Data under study START

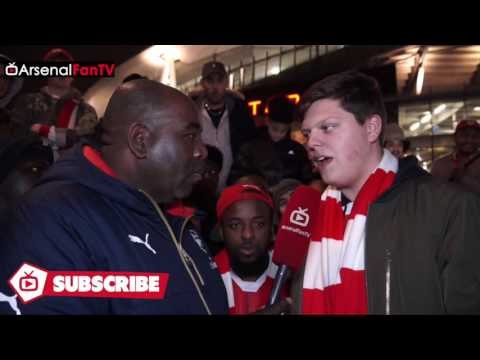 Arsenal vs Ludogorets 6-0 | Theo Walcott Has Listened To The Fans!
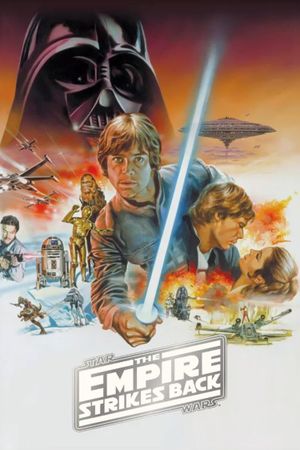 Star Wars: Episode V - The Empire Strikes Back's poster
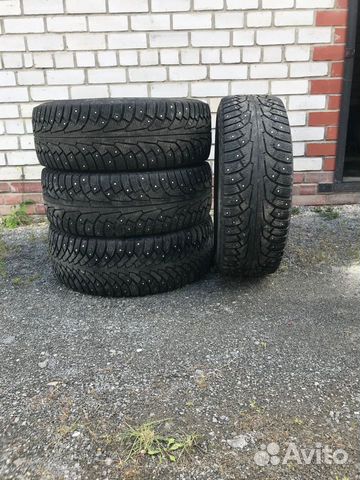 Nokian Tyres Hakkapeliitta 5 265/65 R17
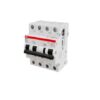 Interruttore Magnetotermico Differenziale 6kA, AC, Curva C, 32A 30mA 3P+N - ABB DS3NC32AC30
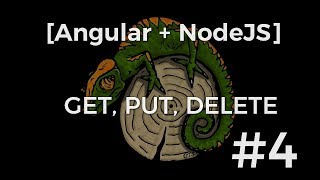 [FR] Tuto CMS avec Angular et NodeJS #4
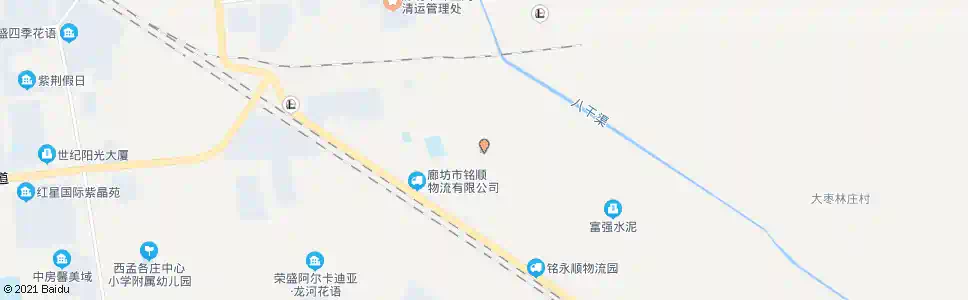 廊坊文化广场_公交站地图_廊坊公交_妙搜公交查询2025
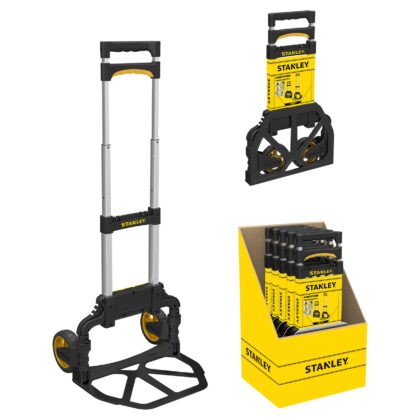 Krovinių vežimėlis Stanley FT500, 70 kg - Image 5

Data under study END

Output only the stretch above from the line with "Nokian Tyres Hakkapeliitta 5 265/65 R17" through the line with "廊坊文化广场_公交站地图_廊坊公交_妙搜公交查询2025", reproduced exactly. Exclude pictures.

Problem solution ▸
 Nokian Tyres Hakkapeliitta 5 265/65 R17
 Interruttore Magnetotermico Differenziale 6kA, AC, Curva C, 32A 30mA 3P+N - ABB DS3NC32AC30
 [FR] Tuto CMS avec Angular et NodeJS #4
 廊坊文化广场_公交站地图_廊坊公交_妙搜公交查询2025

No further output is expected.